The sordid 1976 State of Emergency which the Smith Commission found was not about bona fide national security risk as then Prime Minister Michael Manley told the country, but rather the facilitation of political opportunism, saw the arrest and detention of dozens of JLP supporters and several campaign leaders. It must never happen again. I strongly believe that those who make utterances which amount to a resurrection of these ghosts must be avoided like the plague.
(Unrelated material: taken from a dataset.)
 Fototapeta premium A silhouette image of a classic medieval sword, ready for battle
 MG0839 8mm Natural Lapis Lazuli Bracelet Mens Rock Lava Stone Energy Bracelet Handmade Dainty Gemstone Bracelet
One of the good achievements of former Prime Minister P J Patterson is that his sedative-like style of leadership helped to take a lot of negative heat out of our politics. Prime Minister Andrew Holness, through his conciliatory approach, has also done yeoman service in the area of peaceful politics. Former prime ministers Edward Seaga and Michael Manley, when they started to realise that violence was a zero-sum game, helped to set up the Electoral Advisory Committee (EAC) of Jamaica in 1979, later commission in 2006. With the support of thousands of ordinary Jamaicans we have now past the worst.
RENUNCIATION UPDATE
After 42 days of dilly dally, if not hide-and-seek, Golding told the country he would renounce his British citizenship.
Has he done so?
Last week a reporter said on radio that he tried to contact Golding and the PNP’s hierarchy to get an update on whether the alternative prime minister had, in fact, started the process of renouncing his British citizenship. The reporter said he was greeted with a wall of silence. This is hugely unacceptable.
The matter of an update regarding whether Golding has started the process of renunciation is not a private matter. It is a public one.
Golding put himself up to be prime minister of Jamaica. Jamaicans, therefore, have a right to know who he is. The country needs to be provided with evidence that Golding is delivering on his promise. Nothing short of that will do.